You are thinking that incidences of Force accrue? As in, having had less agency in one instance, you continue to have less in future instances even if no Force is applied? I'm not sure I agree with that, but I'm not sure I disagree with it, either, and I'm surely not inclined to argue about it.
Just to be clear, that isn't what I'm saying directly above.

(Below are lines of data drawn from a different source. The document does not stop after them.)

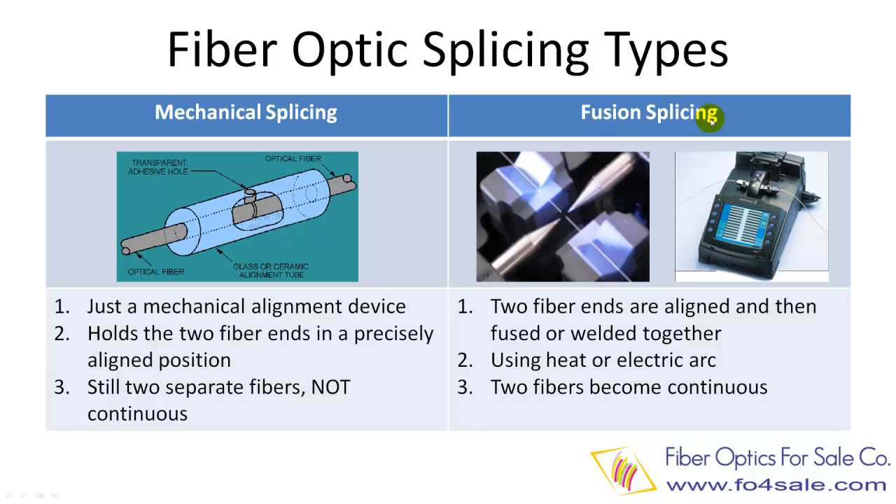Now let's look at the fusion splicing process, as shown at the right. You need an expensive machine called a fusion splicer to do the fusion fiber splicing. The splicing machine aligns the fibers precisely and then fuses or welds the fibers together with an electric arc. These two fibers become one continuous single fiber once they are fused together. This is the biggest difference from mechanical splicing.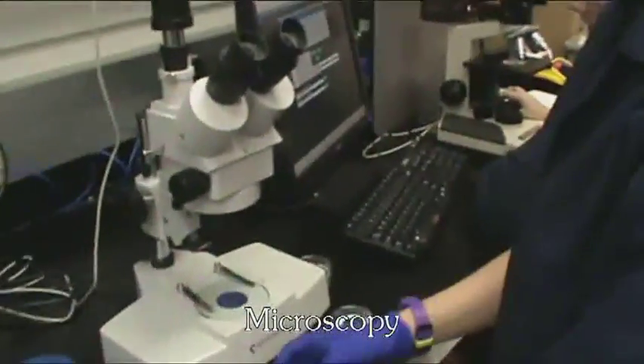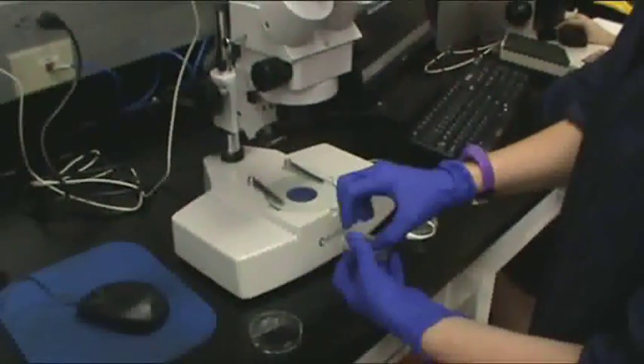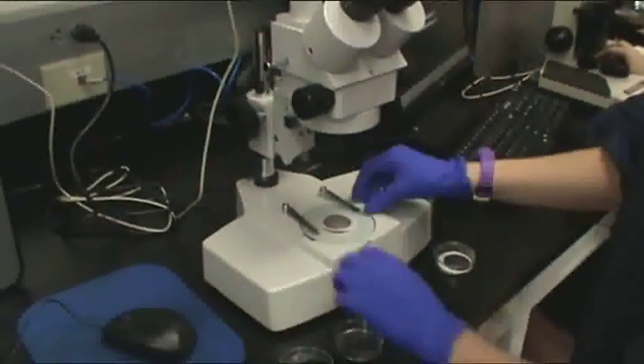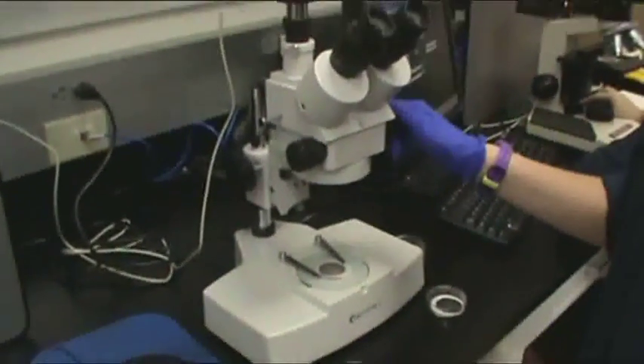Once debris has been gravimetrically weighed and collected on both the 5 and 30-micron patches, we view the 30-micron patch under a microscope. We then capture a representative magnified image of the wear particles found on the 30-micron patch. The image of the wear particles can be found on the report.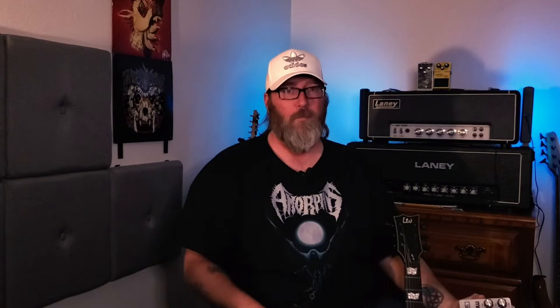Bayringer? Beringer? Something like that. Anyway, it's plastic. 30 bucks. Nails the tone, I think.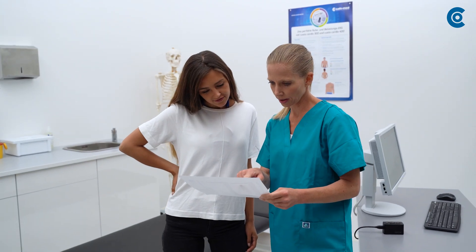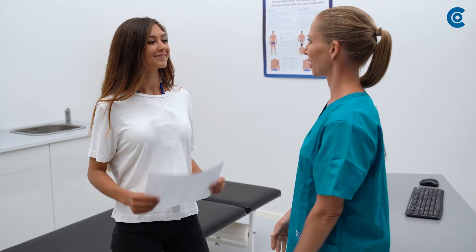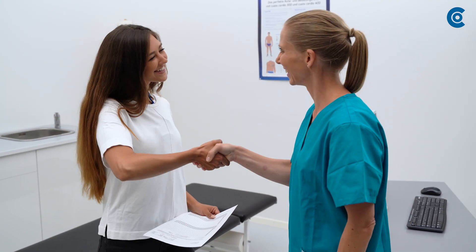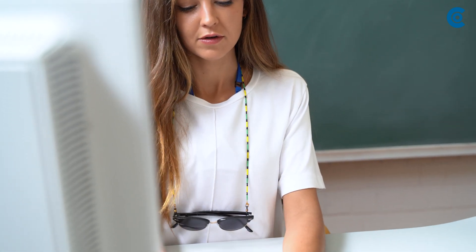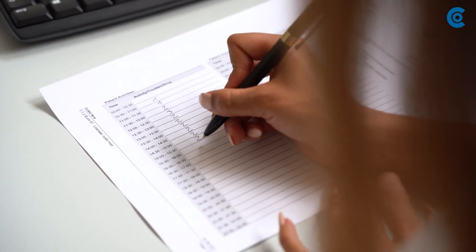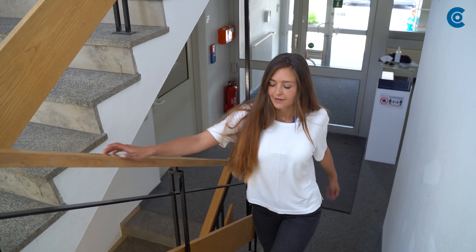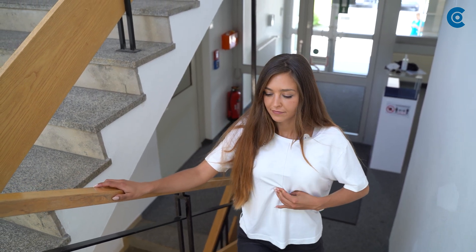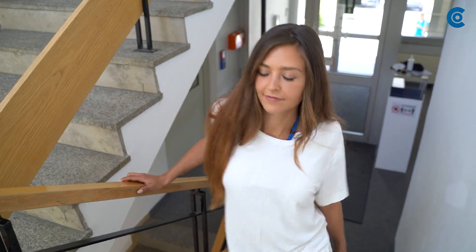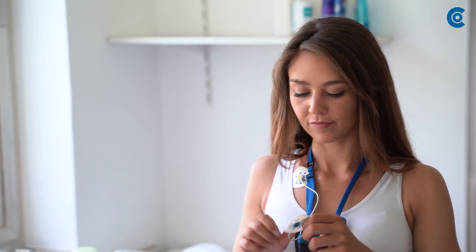Explain the patient diary to the patient and hand it over for taking home. In the next one to seven days, the patient goes about daily life and keeps records about it in the patient diary. The patient can mark abnormalities such as dizziness or discomfort by pushing the button. If the measurement takes longer than 24 hours, the patient can change the electrodes themselves to take a shower.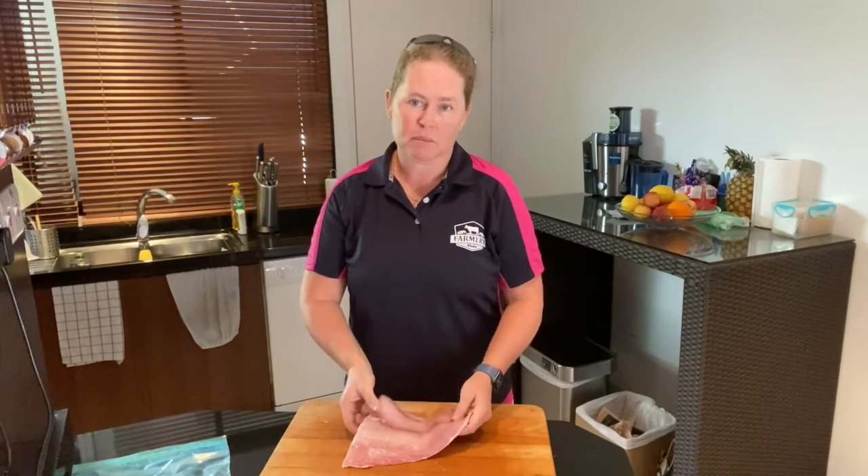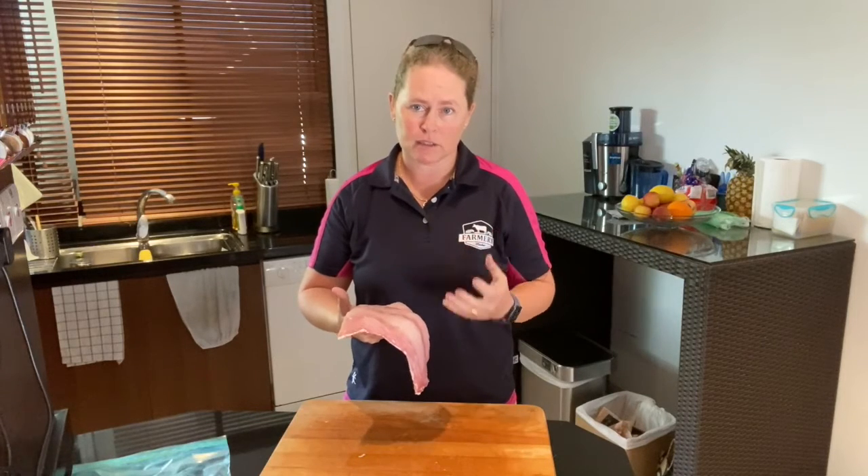If it's not in a vacuum seal, make sure it does have a slight fish smell, but not a strong fishy smell — it shouldn't be overpowering. If the seafood or fish smells extremely strong, then it's probably not that fresh.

I'm saying "if Force deployment is a function of time, then more instances of Force will be occur in a game that is longer than another game."
Now, to address your point directly above, I would say the following:
1) A singular instance of Force will have a 1st order effect (
this thing happened right now rather than
that).
2) The significance of that 1st order effect will depend upon both (a) the stakes at the moment of deployment and (b) the downstream effects:
* Sam isn't dead, Cindy and Sam aren't dead, everyone isn't dead.

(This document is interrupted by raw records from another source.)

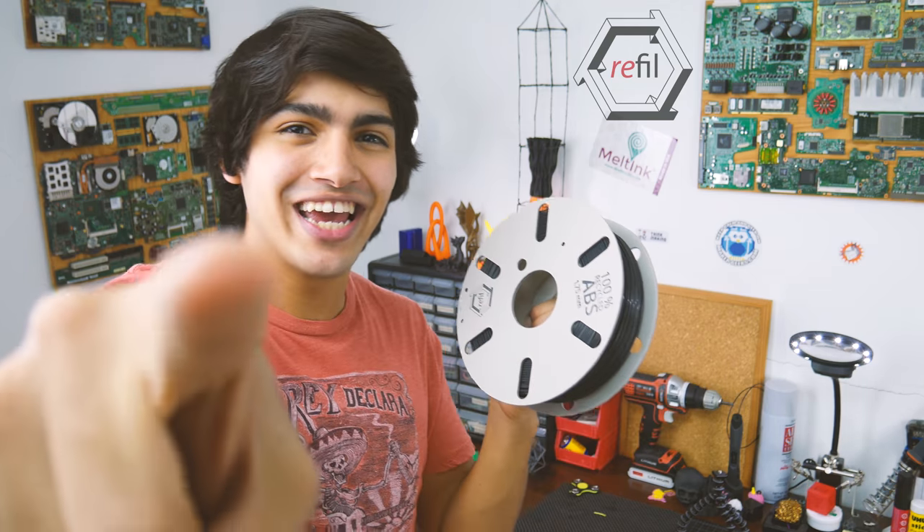Hey guys, welcome back to ThinkMaking. I'm Anton and today I'll be reviewing some ABS filament by Refill. So let's get to it.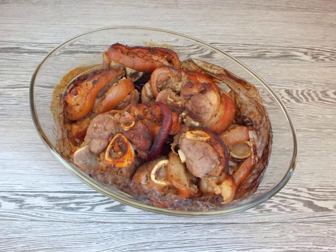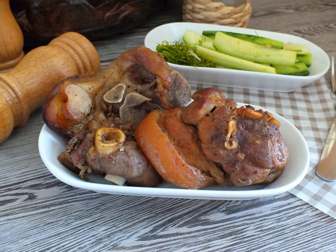When the baking time expires, take out the bag with the knuckle. Open and pierce the pieces with a knife. The knife should enter easily — this indicates the readiness of the dish. Serve the steaks from the knuckle hot with a vegetable salad. Bon appétit!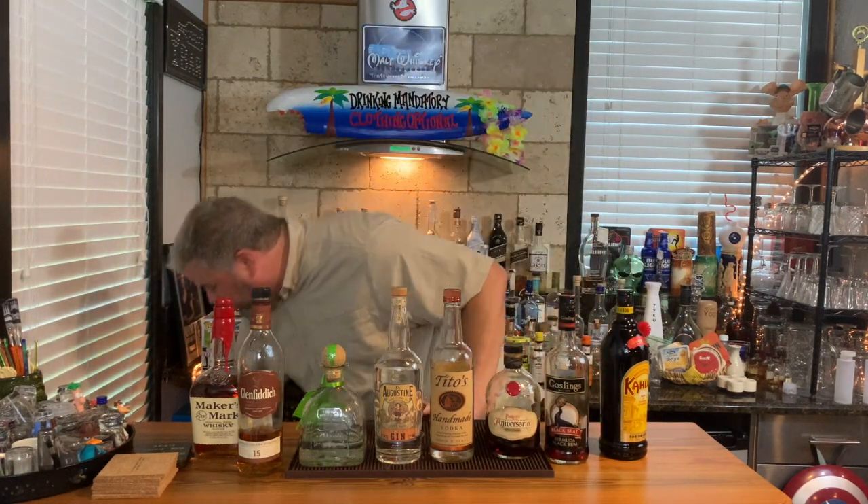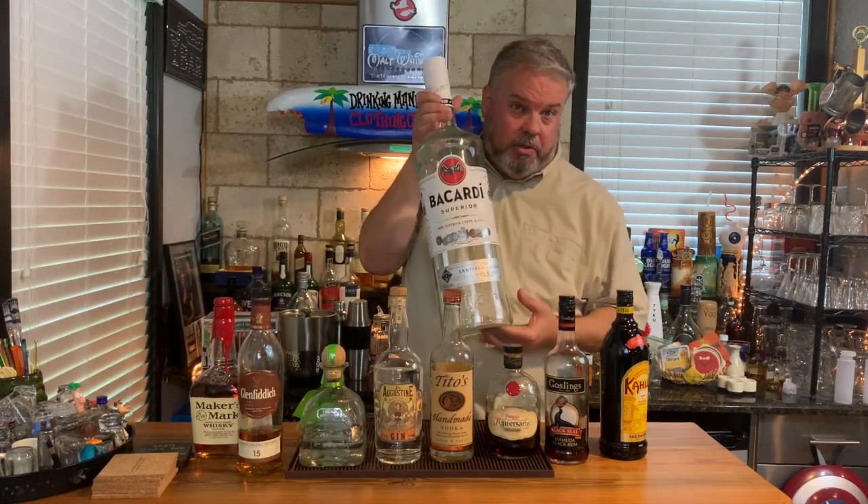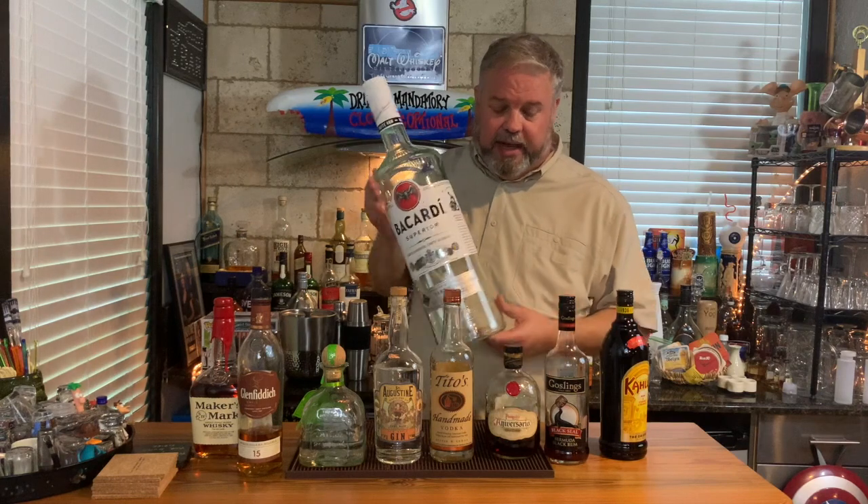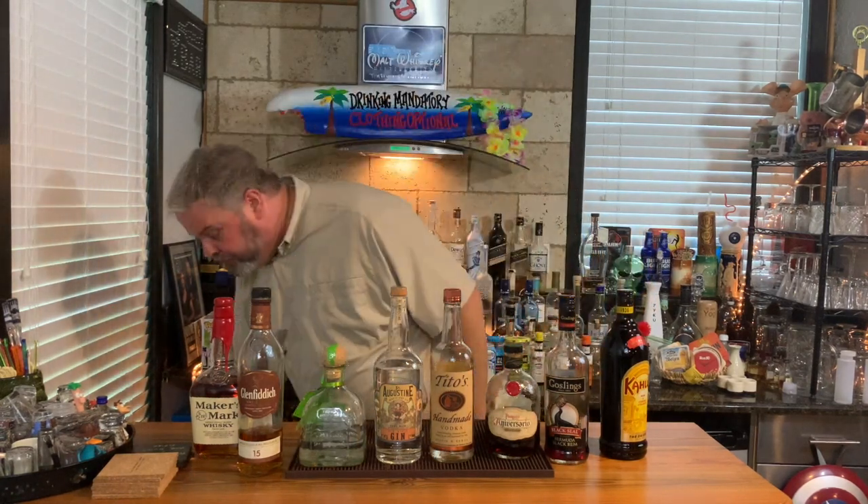I would recommend some rums. You could go with a clear rum to mix like with mojitos and rum and Cokes, but I'm more of a tiki drink guy — that's an upcoming episode. For me, I like the darker rums. Go with a good mixing rum to make some Dark and Stormies. You can also mix this in a rum and Coke, and also have a good sipping rum or a higher end rum to go with your tiki mixes.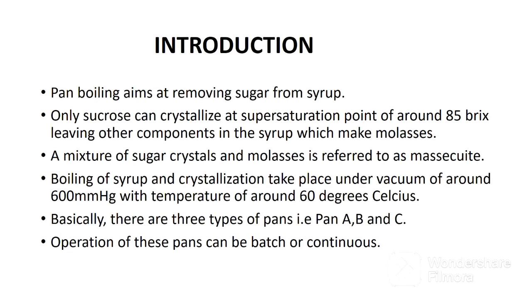Pan boiling aims at removing sugar crystals from syrup. Only sucrose can crystallize at a supersaturation point of around 85 degrees brix, leaving other components in the syrup which make molasses. A mixture of sugar crystals and molasses is referred to as massecuite. Boiling of syrup and crystallization take place under vacuum of around 600 millimeters mercury with a temperature of around 60 degrees Celsius. Syrup is boiled at low temperature to prevent caramelization.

* We've gained/lost an asset(s)/alliance/enemy (The ranch-hand Timmy I had a d8 Relationship with in Dogs has been killed or turned against me, I lost 1 Coin/4 extra HP/spent 1 Adventuring Gear to make Camp and in DW to recover from the changed situation)

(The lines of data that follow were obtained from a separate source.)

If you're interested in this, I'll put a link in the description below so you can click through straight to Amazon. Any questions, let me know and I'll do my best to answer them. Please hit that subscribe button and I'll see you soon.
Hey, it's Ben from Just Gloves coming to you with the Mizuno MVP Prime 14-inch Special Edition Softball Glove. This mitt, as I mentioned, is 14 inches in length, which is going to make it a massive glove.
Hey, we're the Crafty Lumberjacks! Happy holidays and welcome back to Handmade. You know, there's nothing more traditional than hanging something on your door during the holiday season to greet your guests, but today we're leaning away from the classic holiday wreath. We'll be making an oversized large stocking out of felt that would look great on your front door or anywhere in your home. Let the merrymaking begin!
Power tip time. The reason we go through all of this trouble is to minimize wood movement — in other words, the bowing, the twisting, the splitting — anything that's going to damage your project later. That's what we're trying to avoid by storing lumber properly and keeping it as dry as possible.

* The immediate situation subsequent to the one we're in becomes more/less dire or changes entirely (instead of being down a PC and having to deal with flagging resources because the fight went several rounds longer and we've still got a lot more dungeon to explore...we're much less tapped).
* Setting changes substantially (or less so) as a result (a Threat in AW is activated/created, our Lair in Blades is gone, etc)
* PC build or ethos or directives change as a result (a Belief in BW, a Bond in DW, Nature had to be tapped in Torchbearer, a Downtime Project has to be initiated in Blades, etc)
* Temporal or spatial changes occur as a result (a journey is now required, we've been ported to
n)
3) As one instance of Force turns into a 2nd instance of Force (and so on), the trajectory of play becomes more and more perturbed from what it would have authentically have been if no Force was deployed. Consequently, agency becomes more wrested from the players to the GM (and upon some fault line, a Railroad emerges which cannot be recovered from).